Included here are notices about operating procedures for absolute safety.
1. Uncontrolled power loss during the (usually short) periods while disk writes are occurring. Just observe these simple rules:
- Enterprise systems: do not configure your storage arrays in write-back mode with no battery backup and without write-through fallback without an uninterruptible power supply and pulling the plug without doing a clean shutdown.
- Consumer systems: do not pull the plug on a desktop system without an uninterruptable power supply while any application including InfinityDB is in the short period when it is writing data to disk. (You can reconfigure the drives for write-through to make the system completely safe.)
2. Use Cold Backups. Do not try to back up an InfinityDB file during the (usually short period) while data is being written to disk during a commit or spill of dirty data to disk. Simply tell your application to stop doing commits during the backup. A hot backup is not guaranteed to be usable.
Below are optional complete discussions of these issues.
Write Through vs Write Back — The Disk Caching Options Provided by Hardware
There are important drive hardware settings to understand in order to make sure that InfinityDB or indeed almost any other application is able to write data to disk absolutely safely. Boiler Bay recommends that servers be set to the Write Through mode or use battery-backup with Write-Back mode and write-through fallback, but a fuller explanation is warranted. The problem is related only to power failure, and every other kind of failure is safe with InfinityDB.
Disk Write Through mode directs the data to be written immediately to disk when requested by the software (such as via fsync). This means that when your InfinityDB client code calls the InfinityDB Commit function, the pending changes will be immediately forced to disk, and InfinityDB considers the Commit complete after that occurs. However, if your Windows or unix or Linux or any other system’s storage hardware is set up to “Write Back” data, and you ask InfinityDB to Commit its data, you are not guaranteed that your data will be written immediately to disk, even though InfinityDB will be told that the Commit (an fsync) has succeeded. Instead, write-back mode may cause the data to be written to disk a bit later, depending on circumstances of the use of the particular disk or raid array employed. Should you recommend or endorse the use of Write Back mode and you want absolute reliability, you will need to warn your customers that they must have battery back-up hardware on the storage hardware in place and operational.

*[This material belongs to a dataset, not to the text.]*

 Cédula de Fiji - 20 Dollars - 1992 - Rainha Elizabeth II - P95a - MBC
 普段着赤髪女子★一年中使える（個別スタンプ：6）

However, if you have disk storage battery backup in place and the hardware determines that the battery back-up hardware is no longer functional, it will normally be set to revert to Write Through mode. That way, data that your client application requests InfinityDB to commit to disk will be directed to disk immediately, rather than entrusted to the Write Back cache for later writing to disk, and safety will be ensured. One way to realize that a storage system has reverted to write-through mode because of battery failure is that the overall performance drops off, because write-through is much slower than write-back. Normally, however, an enterprise system will alert the system administrator of the battery backup failure.

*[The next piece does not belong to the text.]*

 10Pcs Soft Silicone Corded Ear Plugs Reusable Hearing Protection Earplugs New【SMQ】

The problem only occurs on hard power failure while data is actually in the process of being written, because even a write-back system will force data to disk in background as quickly as possible. So a power failure with non-battery-backed write-back is a catastrophe for any system that is in the process of writing to disk, including any write to the file system, because there is no way for software to control what subset of dirty blocks in the storage block cache actually get written. The storage system takes advantage of its cache by reordering block writes to maximize performance. (There are low-level SAS and SATA features accessable to the file system layer called ‘tagging’ that allow preventing some re-ordering so that journaling file systems are more reliable.)

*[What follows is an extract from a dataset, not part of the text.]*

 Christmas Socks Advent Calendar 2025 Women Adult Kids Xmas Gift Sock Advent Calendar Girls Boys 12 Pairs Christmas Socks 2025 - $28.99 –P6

Note that any part of the operating system, file system, or application software is subject to these power-failure considerations. Because hard power failures are so dangerous, operating systems like Linux have system commands for orderly shutdown, and if these are not used, not only InfinityDB but the file system itself may in principle be corrupted as well as application data. These operating systems and file systems and DBMS do try hard to avoid the problem but they cannot guarantee success. For example, the fsck unix/Linux command may find errors even on file systems that use logging or journalling. Note that consumer computer disk systems are natively write-back for speed, and there is normally no battery backup disk hardware capability. For desktop consumers, an uninterruptable power supply or ‘UPS’ will help the problem. The window of vulnerability is normally very short, but may be extended if the application is in the process of doing continuous updates and commits over a long period.
Create Cold Backups of the InfinityDB Database File
It is suggested that you create backups of your InfinityDB file on a frequent basis as you would for any other data file. However, you must be sure that no writes are in progress during backing up the InfinityDB database file. If you attempt to back up a database while it is in the process of writing, such as during a commit or spill of dirty data to disk, you will not be copying valid data and the copy of the database may be corrupted. Such a corruption of the copy of the database will not show up immediately or even after a random length of time depending on the data to be accessed later, and an Exception may be thrown. The Exception is not guaranteed, and may be very confusing. A full read of the database will show up some errors. It is easy to write a simple program to scan all Items in the database. The original database from which the copy was made will never be corrupted.